Dáil debates
Wednesday, 22 February 2023
Mother and Baby Institutions Payment Scheme Bill 2022: Report Stage (Resumed)
5:57 pm
Thomas Pringle (Donegal, Independent) | Oireachtas source
I fully support what has been said in respect of the amendments. I will ask for the indulgence of the House for a couple of minutes. I wish to put a couple of matters on the record in connection with the Bill. There are a number of quotes I would like to read. I will not name the people whose words I am sharing but they need to have their stories told. It is important. I beg the House's indulgence to do that.
The first states:
I would love to give my story to the dail as this really upsets me how things have turned out.
I thank you for your help but as a child who was in st patricks and been in different childrens homes, I will still live with unanswered questions to do with my life.
Things, such as photos of me been a baby might not be much to some people but it's my life no one else's.
I would like to know how would they feal not ever having someone that they called mam or dad or how would they feel if they had no records of when u were a baby. I need to end this nightmare that's been with me for years I've had a childhood full of sexual and physical abuse. I cry myself to sleep most nights wondering why me why did I not have a life were there wasn't sexual and physical abuse about I was only a child I was suppose to be in a safe place I have feelings and I don't ever think my heart will be mended. There's a lot more that I could say but I hope I get the message through thank you again.
Another states:
I for one do not want their insulting pittance, I want justice for being coerced in to giving my son up for adoption, an illegal adoption as I was underage to begin with for consent of any sort, I was 14 when I pregnant and just turned 15 when I had my son. So i am in process of taking an individual case. I think that many more will do the same if the government continue with this ridiculous redress bill!
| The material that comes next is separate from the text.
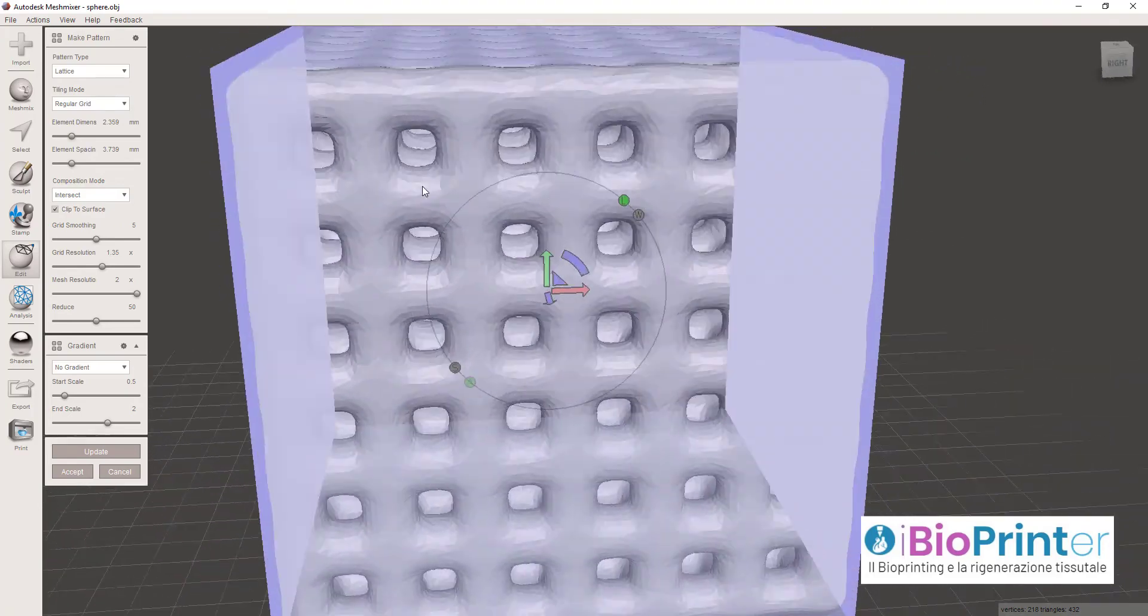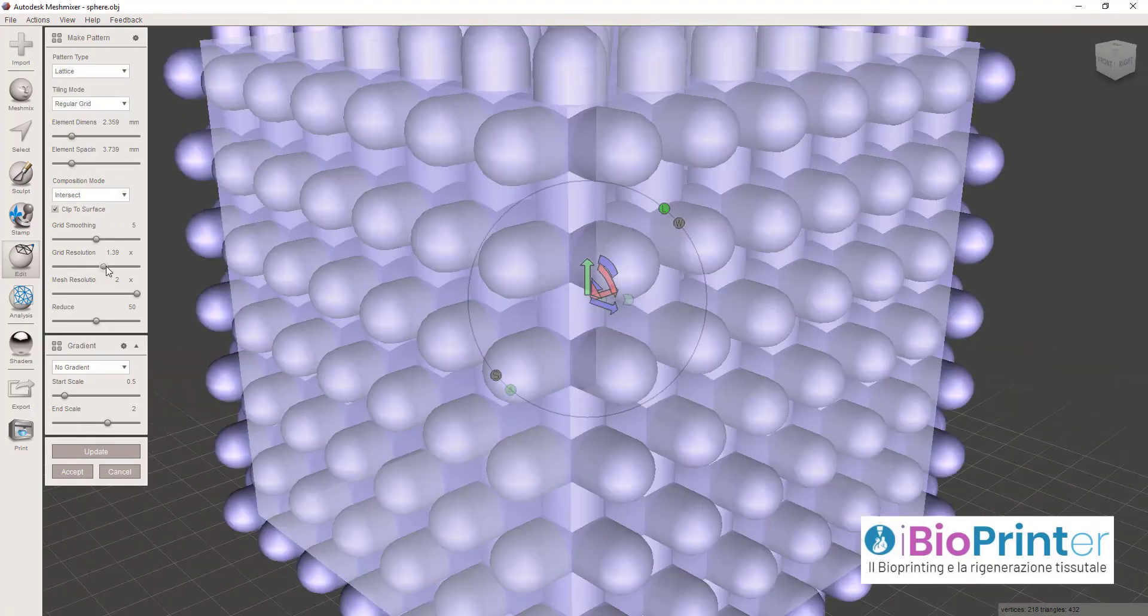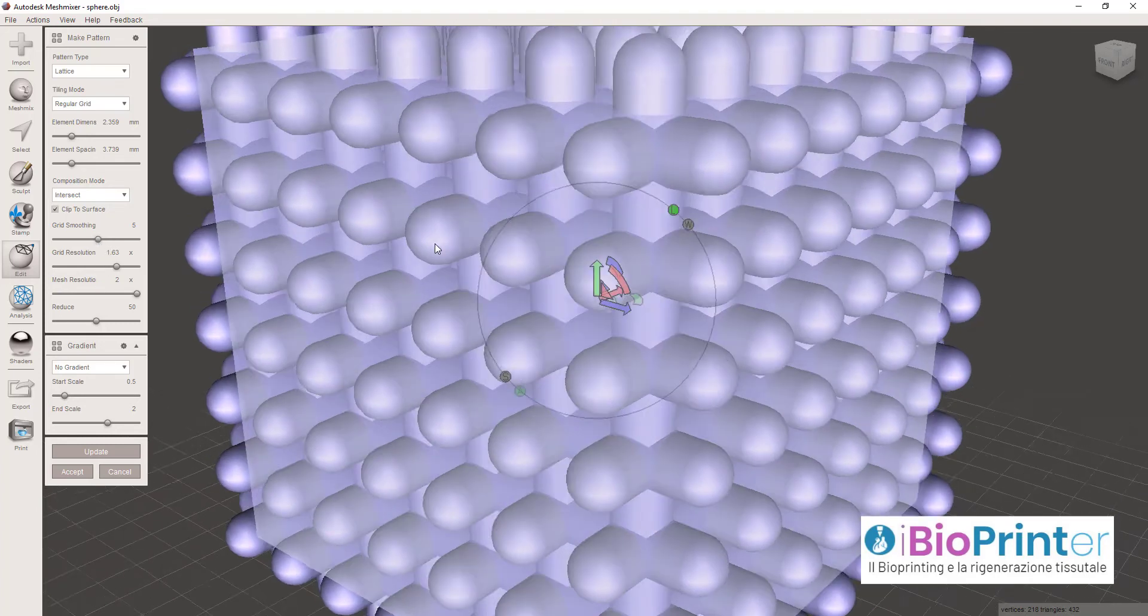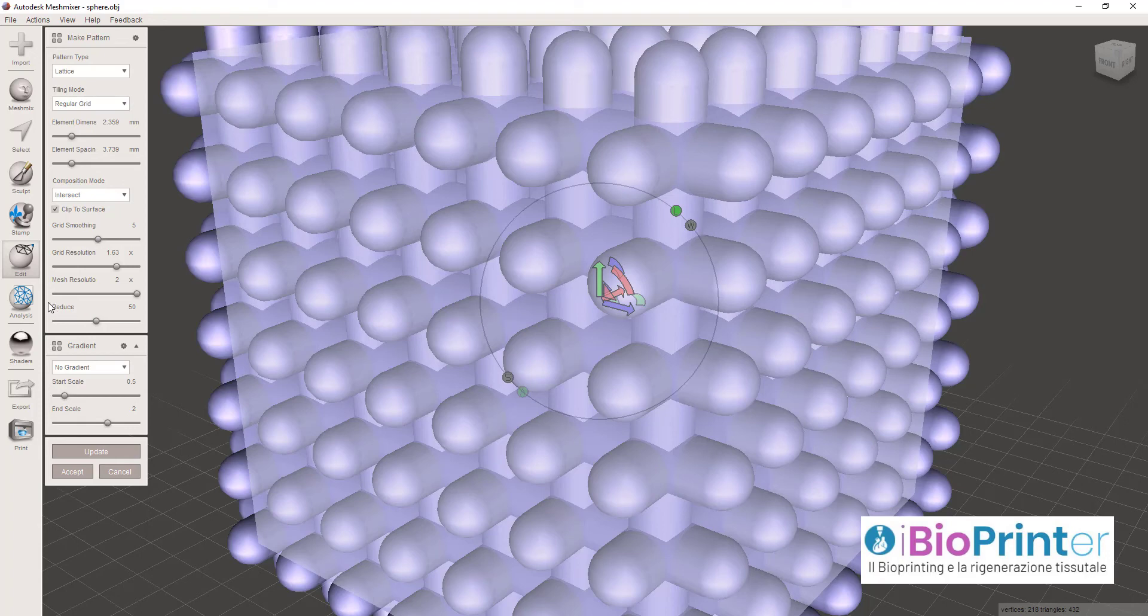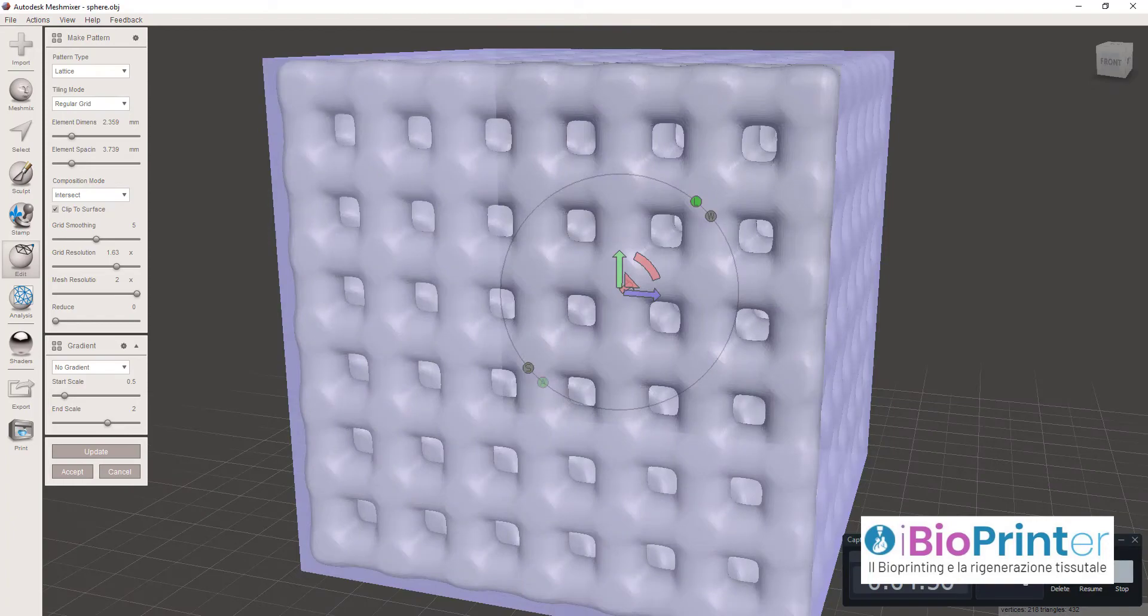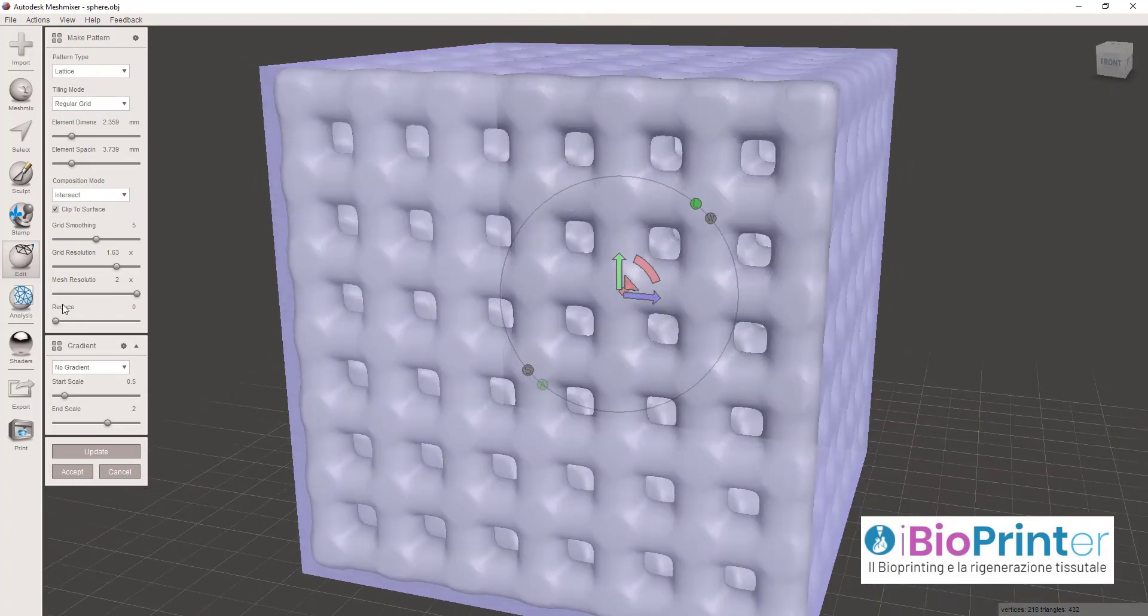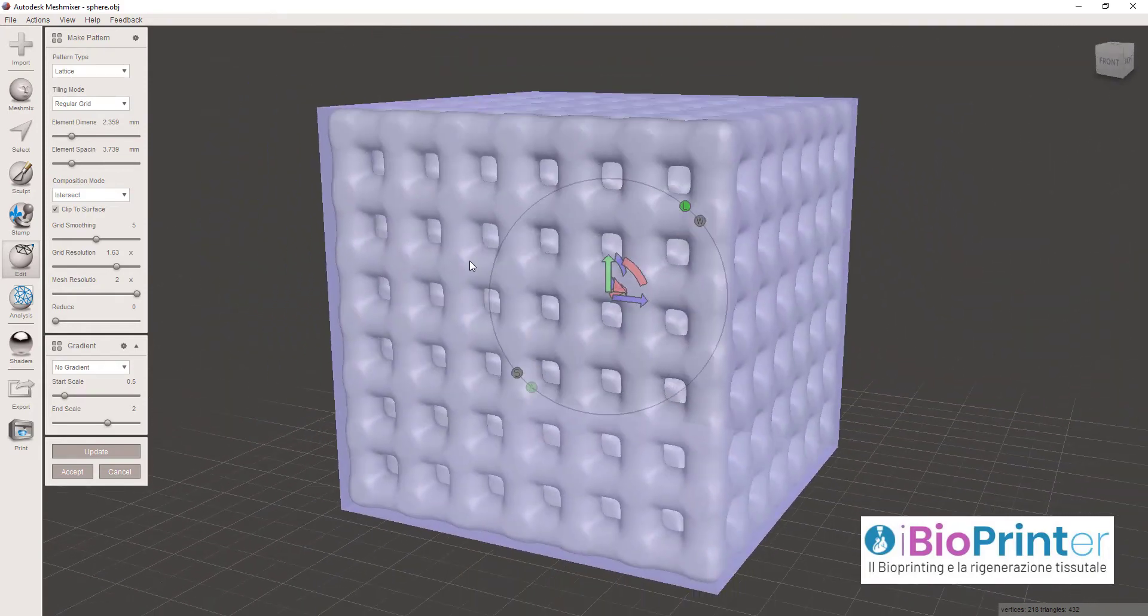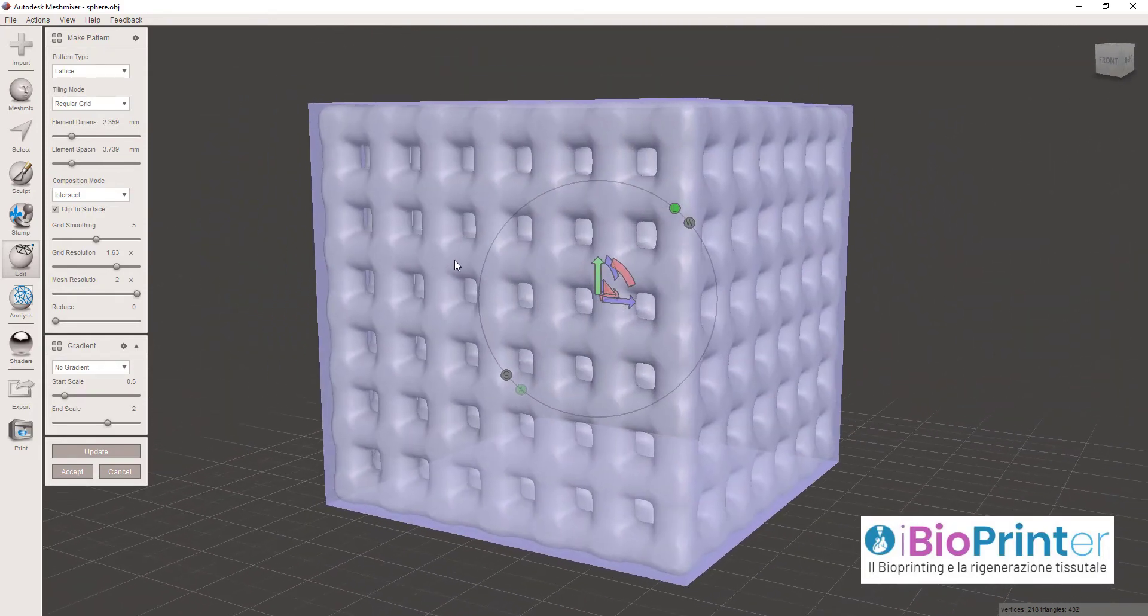Vedete che le sfaccettature sono aumentate. Cliccando su Grid Resolution e aumentando lo smoothing posso migliorare la qualità superficiale e posso anche migliorarla diminuendo il cursore Reduce. Invece di 50 mettiamolo a 20 e vediamo il risultato.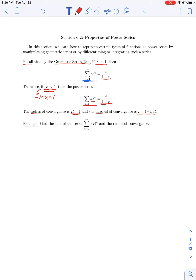We could test the endpoints, but the geometric series test says we have divergence if the absolute value of r is greater than or equal to 1, so we would not include the endpoints. Throughout this section, we're going to exploit that formula for the sum of a geometric series when working with power series. In our first example, we find the sum of the series from n equals 0 to infinity of 3x to the nth power and determine the radius of convergence.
That correspondent continued:
I am really upset and angry. I was denied the opportunity of rearing my son, was expected to carry on as if nothing had happened and to add insult to injury was put into An Ghrinan reformatory school. Shamed and silenced for years. The life long trauma and loss and seperation. Honestly Leo varadkar really added insult to injury today when he spoke about this being ‘history’ and that they need money for todays issues..How dare he minimise us survivors...who suffer everyday with that loss and pain...that never goes away...it eats away at you like a cancer until the day we die! And offer what he thinks is a generous package to some...what will be his bill and that of the cabinets St. Patricks day holidays across the world...a hell of a lot more than he is offering survivors for a life time of trauma!
Another states:
Whilst I'm disappointed with the near certain outcome, contributions along with other opposition TD's has been most welcomed. It goes a long way to speaking the truth of what went on.
My mother never had a chance to speak out and died in an institution. The least I can do is send a few emails.
That is just a sample of the emails I have received to my office. It is difficult for the people who have lived through this to have to watch these proceedings. I send my thoughts out to them. I hope that at some stage in the future, something proper can be done to address these issues because there is no doubt that we will have to come back to them.